──────── Supplied records

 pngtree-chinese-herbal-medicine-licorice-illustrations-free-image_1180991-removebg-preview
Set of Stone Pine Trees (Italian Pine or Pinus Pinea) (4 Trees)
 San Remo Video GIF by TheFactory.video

────────────────
──────── Supplied records

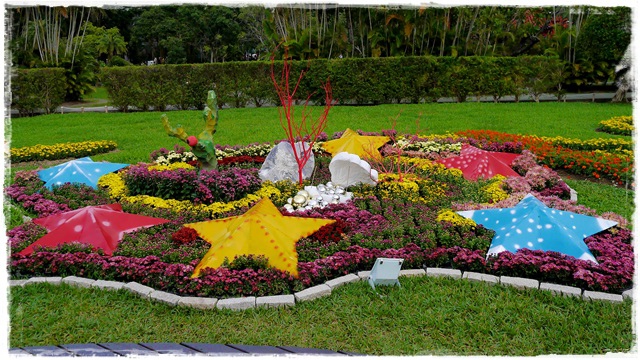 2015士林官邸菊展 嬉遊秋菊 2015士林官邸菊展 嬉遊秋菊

────────────────
──────── Supplied records

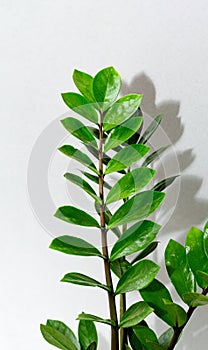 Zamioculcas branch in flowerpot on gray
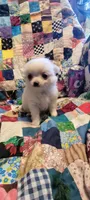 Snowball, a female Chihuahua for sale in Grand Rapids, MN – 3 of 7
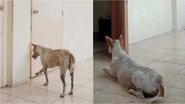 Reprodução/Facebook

────────────────

Copy the entries above exactly, but only the stretch from the line containing "Snowball, a female" through the line containing "Reprodução/Facebook". Keep both end lines; drop the pictures.

 Snowball, a female Chihuahua for sale in Grand Rapids, MN – 3 of 7
 Reprodução/Facebook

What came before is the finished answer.